Weiss claimed she halted the story because it did not include interviews with White House, State Department, and Department of Homeland Security officials behind the policy, which the journalists had repeatedly requested without response. Alfonsi said that by letting their silence act as a veto, Weiss was effectively giving the government a "kill-switch" for inconvenient reporting.
Following widespread criticism both within the network and from the public, the CECOT segment aired in full a month later, though it included more caveats emphasizing the administration's allegations that the detainees had gang affiliations and downplayed the lack of violent convictions.
The apparent ouster of Alfonsi this week comes as Weiss is reportedly pushing for a “shakeup” of “60 Minutes” similar to those she’s made to “CBS Evening News” and other programming.

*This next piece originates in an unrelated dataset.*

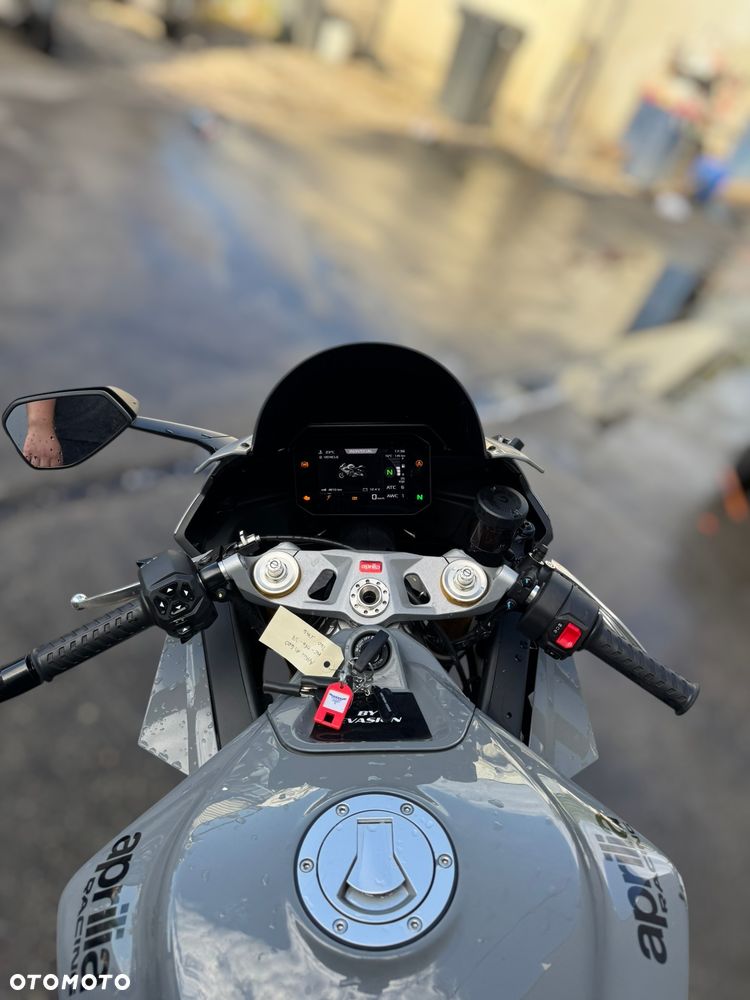 Aprilia Tuono - 16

Critics have noted the markedly more hawkish tone the network has taken under Weiss in favor of President Donald Trump's regime change wars in Venezuela and Iran, while giving Israeli leaders like Prime Minister Benjamin Netanyahu ample uninterrupted airtime to justify the bombardments of Gaza and Lebanon with little note of the resulting humanitarian catastrophes.
According to reporting in Puck earlier this month, some sources at CBS believe that Alfonsi's departure could spawn a wave of resignations from the network.
"Fearless, independent reporting has always been the defining standard at 60 Minutes," Alfonsi said on Wednesday. "Today, CBS management is abandoning that mission, choosing access journalism over accountability and protecting power rather than scrutinizing it."
"The wall between editorial independence and corporate interest at CBS is being methodically torn down," she added. "Journalists willing to challenge authority are being pushed aside in favor of those who will not."